LOST SOVEREIGNITY - OIL-RICH FUND EYEING FORECLOSED US HOMES (August 10 – NY Post)

There's a new land grab starting in America. Foreign money, which up to now has focused its attention on investing in iconic commercial real estate - like Barneys New York and the Chrysler Building - is now moving to scoop up tens of thousands of discounted foreclosed homes across the country.

One sovereign fund, said to have earmarked $29 billion to purchase foreclosed residential real estate, recently hired a West Coast mortgage broker and is starting to search for bargains, The Post has learned.


Well isn’t this just dandy. Foreign central banks buy our bonds and drive down our interest rates. This sets the stage for a housing bubble that causes a lot of people to get into trouble buying more house than they can afford. Now the same countries are stepping back into the mess buying US properties for ~50 cents on the dollar with the same money that they originally used to drive down interest rates. The circle is complete.


I, for one, am not at all happy with the prospect of selling our domestic assets (houses!) to foreign “sovereign wealth funds” (read: recycled oil and trade deficit money). The price of our overspending would seem to be the loss of our homes to the very people we bought too much from on credit. While I am normally a big a fan of consequences, this sticks in my throat.


Three major US naval strike forces due this week in Persian Gulf (Aug 11 – Debka)

DEBKAfile’s military sources note that the arrival of the three new American flotillas will raise to five the number of US strike forces in Middle East waters – an unprecedented build-up since the crisis erupted over Iran’s nuclear program.

This vast naval and air strength consists of more than 40 warships and submarines, some of the latter nuclear-armed, opposite the Islamic Republic, a concentration last seen just before the US-led invasion of Iraq in 2003.


I don’t normally post ‘news’ items from Debka (which I consider to mainly be a form of propaganda), but this seems to provide confirmation of other rumors that I was tracking down this weekend concerning a very large naval flotilla heading towards the Middle East. What is left unsaid in this article is that the arriving ships are meant to replace departing ships. However, if that does not come to pass, then this will be the largest naval presence since, uh, well, since the 2003 attack and invasion of Iraq.


This bears watching.


Credit default swap market under scrutiny (Aug 10 – IHT)

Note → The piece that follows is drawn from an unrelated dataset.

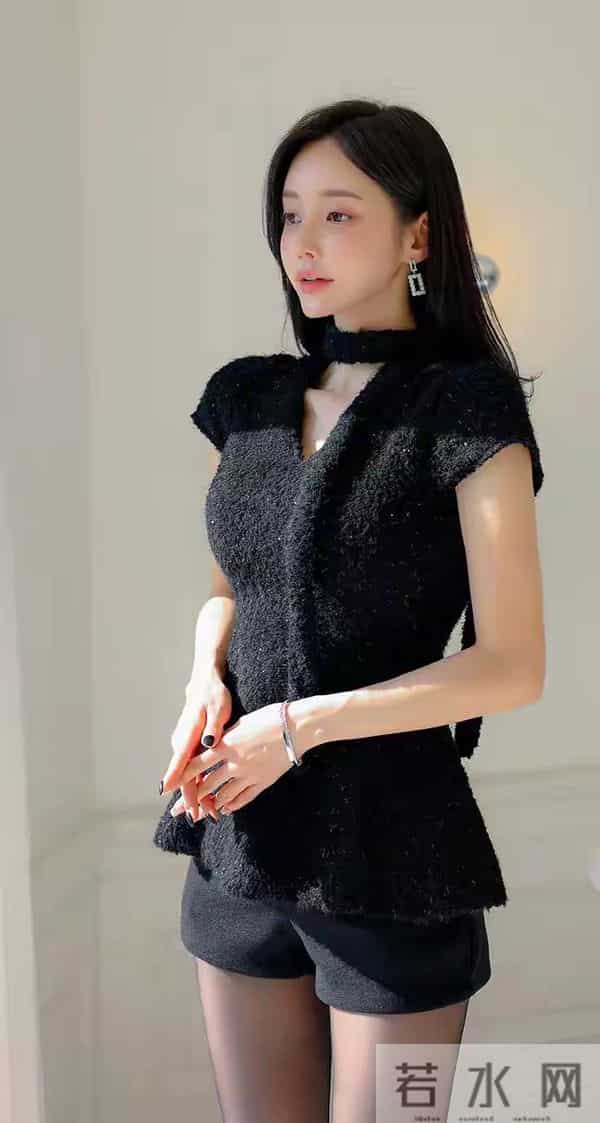 这穿搭又美又高级！黑色“小香风”上衣+短裤，谁穿谁是气质女神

Credit default swaps, known as CDS's, allow investors to bet on a company's prospects or hedge against possible default by an issuer whose debt they hold. If a default occurs, the party providing the credit protection - the seller - must make the buyer whole on the amount of insurance bought.

At the urging of Eric Dinallo, the New York State insurance superintendent, Merrill Lynch agreed two weeks ago to unwind $3.7 billion of insurance it had bought on the mortgage-related obligations. Merrill received $500 million from XL Capital to close out the insurance contract that one of its former subsidiaries, Security Capital Assurance, had written.


The Credit Default Swap market is now more than $60 trillion in size. Of course, because each transaction offsets the other, the whole thing should sum up to zero at any given time. That is, if I am on the buying side of $1 trillion in protection (+1) and you are on the selling side of that $1 trillion (-1), then we could add those up and they’d equal zero. The problem comes in when the market for those derivatives changes in your favor, and you think that your position is now worth $200 billion while my position is worth -$200 billion. You go ahead and merrily mark up your portfolio to reflect this large gain and tell your happy clients how much they have “made,” while I am busy gnawing my fingernails knowing there is no way I could ever pay that amount.


That’s what has been outlined here. Merrill Lynch thought it had a $3.7 billion dollar stake on some CDS insurance it had bought, but only received $500 million or 13% of what it thought it had. IF this is typical, there are LOTS of companies out there sitting on “profits” (possibly already reported to shareholders) that do not exist because they cannot and will not ever be paid. This is called “counterparty risk,” and I have yet to see any financial statements that deduct an amount for this possibility.